Right to attendance and voting

  • To be entitled to attend and vote at the Meeting (and for the purpose of the determination by the Company of the number of votes they may cast), shareholders must be entered on the Company’s register of members maintained by Euroclear Sweden AB by Thursday 9 June 2022.
  • Shareholders whose shares are registered in the name of a nominee should note that they may be required by their respective nominee/s to temporarily re-register their shares in their own name in the register of members maintained by Euroclear Sweden AB in order to be entitled to attend and vote (in person or by proxy) at the Meeting. Any such re-registration would need to be effected by Thursday 9 June 2022. Shareholders should therefore liaise with and instruct their nominees well in advance thereof.
  • To be entitled to attend and vote in person at the Meeting, shareholders must notify Euroclear Sweden AB of their intention to attend the Meeting by Thursday 9 June 2022 and can do so by (i) e-mail to Generalmeetingservice@euroclear. com or (ii) mail to: Kambi Group plc, c/o Euroclear Sweden AB, Box 191, SE-101 23 Stockholm, Sweden or (iii) by phone on +46 8 402 9092 during the office hours of Euroclear Sweden AB. Notification should include the shareholder’s name, address, email address, daytime telephone number, personal or corporate identification number, number of shares held in the Company, as well as details of any proxies (if applicable, in the case that the shareholder has appointed a third party representative to attend the Meeting in their stead). Information submitted in connection with the notification will be computerised and used exclusively for the Meeting. See below for additional information on the processing of personal data.

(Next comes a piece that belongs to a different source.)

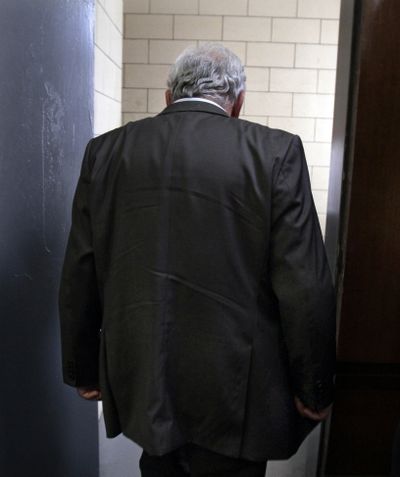 Dominique Strauss-Kahn leaves court and returns to jail after his bail hearing Thursday in New York state Supreme Court. (Associated Press)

Shareholders’ right to appoint a proxy

  • A shareholder who is entitled to attend and vote at the Meeting, is entitled to appoint one or more proxies to attend and vote on his or her behalf. A proxy need not also be a shareholder. If the shareholder is an individual, the proxy form must be signed by the appointer (or his authorised attorney) or comply with Article 126 of the Articles. If the shareholder is a corporation, the proxy form must be signed on its behalf by an authorised attorney or a duly authorised officer of the corporation or comply with Article 126 of the Articles.
  • Proxy forms must clearly indicate whether the proxy is to vote in their discretion or in accordance with the voting instructions sheet attached to the proxy form. Your proxy shall vote as you have directed in respect of the resolutions set out in this notice or on any other resolution that is properly put to the meeting. If the proxy form is returned to the Company without any indication as to how the proxy shall vote, generally or in respect of a particular resolution, the proxy shall exercise their discretion as to how to vote or whether to abstain from voting, generally or in respect of that particular resolution (as applicable).
  • Where the shareholder is a corporation, a document evidencing the signatory right of the officer signing the proxy form, must be submitted with the proxy form. Where the proxy form is signed on behalf of the shareholder by an attorney (rather than by an authorised representative, in the case of a corporation), the original power of attorney or a copy thereof certified or notarised in a manner acceptable to the Board of Directors must be submitted to the Company, failing which the appointment of the proxy may be treated as invalid.
  • The original signed proxy form and, if applicable, other supporting documents (required pursuant to the above instructions), must be received by Euroclear Sweden AB no later than Thursday 9 June 2022 by (i) e-mail to Generalmeetingservice@euroclear .com or (ii) mail to: Kambi Group plc, c/o Euroclear Sweden AB, Box 191, SE-101 23 Stockholm, Sweden. Shareholders are therefore encouraged to submit their proxy forms (and other supporting documents, if any) as soon as possible.
  • Proxy forms are available on the Company website  under the General Meetings section.
  • Aggregated attendance notifications and proxy data processed by Euroclear Sweden AB must be transmitted to and received by the Company by email at Mia.Nordlander@kambi .com not less than 48 hours before the time appointed for the Meeting and in default shall not be treated as valid.

Agenda

1. Opening of the Meeting

2. Election of Chairman of the Meeting

3. Drawing up and approval of the voting list

4. Approval of the Agenda

5. Determination that the Meeting has been duly convened

6. Election of two persons to approve the minutes

Special Business (Extraordinary Resolutions)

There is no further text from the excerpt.